Researchers detail AI that generates character animations from recorded speech

Animating the lips and mouths of computer-generated characters to match those of voiceover actors isn't a walk in the park, even with the aid of vision-based performance capture software like CrazyTalk. It isn't easy straddling the line between uncanny valley and the overly cartoonish, particularly when the target dialogue's run length exceeds tens or even hundreds of hours.

Fortunately for animators, researchers at Zhejiang University and NetEase's Fuxi AI Lab have developed an end-to-end machine learning system -- Audio2Face -- that can generate real-time facial animation from audio alone, taking into account both pitch and speaking style. They describe their work in a newly published paper ("Audio2Face: Generating Speech/Face Animation From Single Audio with Attention-Based Bidirectional LSTM Networks") on the preprint server Arxiv.org.

"Our approach is designed exclusively on the basis of audio track, without any other auxiliary input, such as images, which makes it increasingly challenging as we attempt to regress visual space from vocal sequence," explained the coathors. "Another challenge is that facial motions involve multifold activations of correlated regions on the geometric surface of [a] face, which makes it difficult to generate lifelike and consistent facial deformations for avatars."

The team sought to architect a system that met several criteria, namely "lifelikeness" (the generated animations had to reflect speaking patterns in visible speech motion) and low latency (the system had to be capable of nearly real-time animation). They also attempted to make it generalizable, such that it could retarget generated animations to other 3D characters.

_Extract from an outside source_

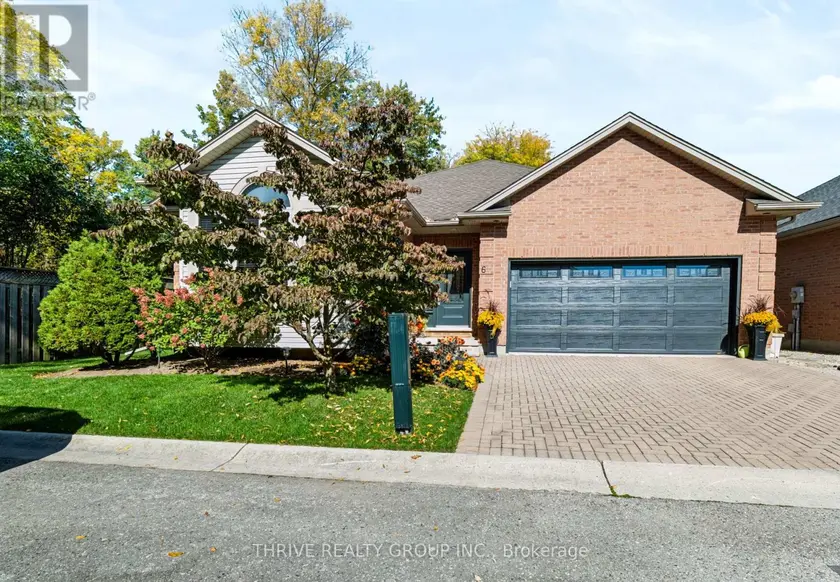 Detached at 6 - 448 COMMISSIONERS ROAD E, London South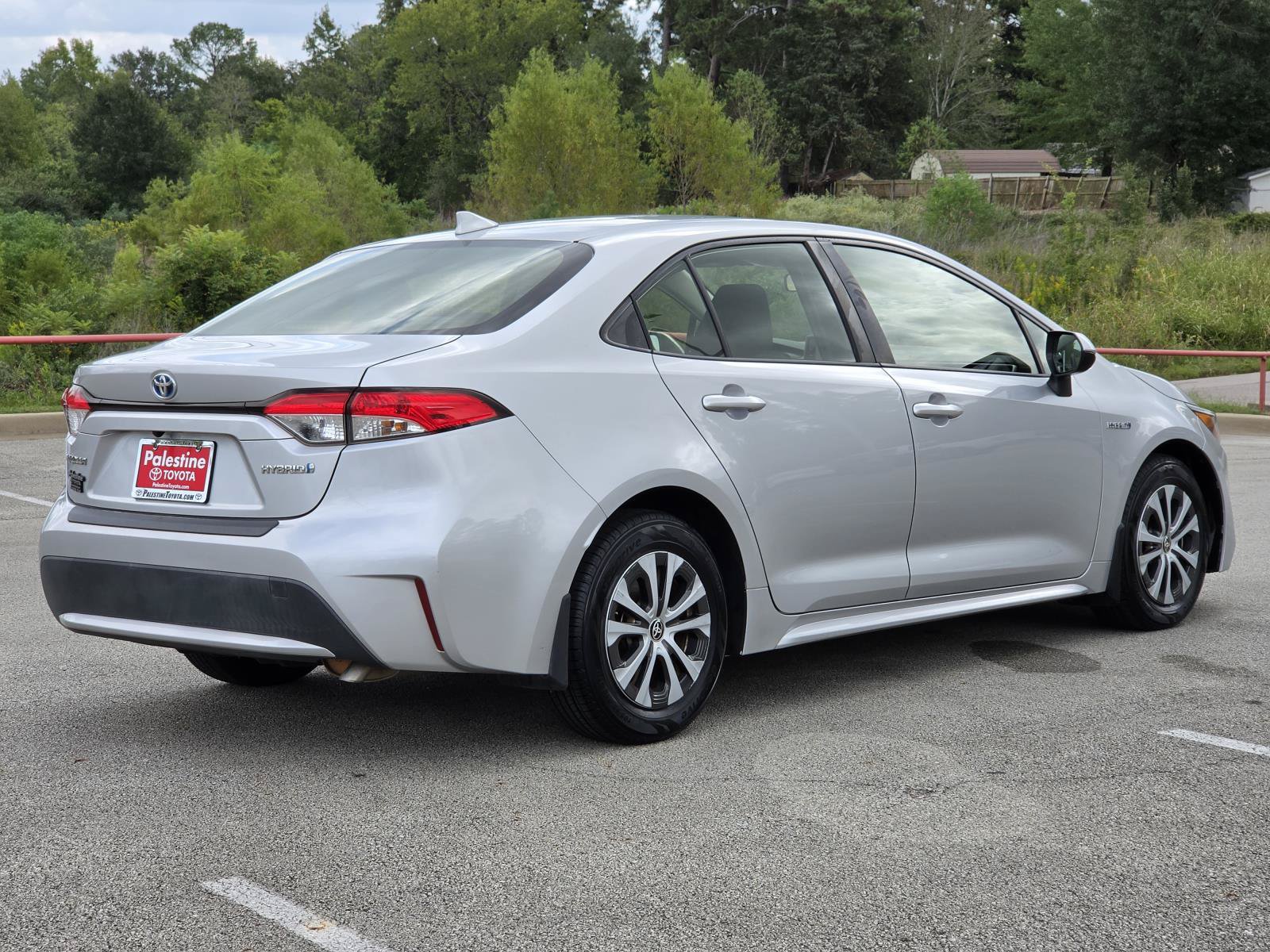 Used 2020 Toyota Corolla LE FWD image 6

Their approach involved extracting handcrafted, high-level acoustic features -- specifically mel-frequency cepstrum coefficients (MFC), or representations of the short-term power spectrum of a sound -- from raw input audio. Then depth cameras, in tandem with the mocap tool Faceshift, were used to capture voice actors' facial movements and compile a training set, after which the researchers built 3D cartoon face models with parameters (51 in total) that controlled different parts of the face (for example, the eyebrows, eyes, lips, and jaw). Lastly, they leveraged the aforementioned AI system to map audio context to the parameters, producing lip and facial movements.

With a training corpus containing two 60-minute, 30-frame-per-second videos of a female and male actor reading lines from a script and 1,470 audio samples for each corresponding video frame (for a total of 2,496 dimensions per frame), the team reports that the machine learning model's output was "quite plausible" compared with the ground truth. It managed to reproduce accurate face shapes on test audio, and it consistently retargeted "well" to different characters. Moreover, the AI system took only 0.68 milliseconds on average to extract features from a given audio window.

The team notes that the AI couldn't follow actors' blink patterns, mainly because blinks aren't closely correlated with speech. But they say that, broadly speaking, the framework might lay the groundwork for adaptable, extensible audio-to-facial-animation techniques that work with virtually all speakers and languages. "Evaluation results show that our method could not only generate accurate lip movements from audio, but also successfully regress the speaker's time-varying facial movements," they wrote.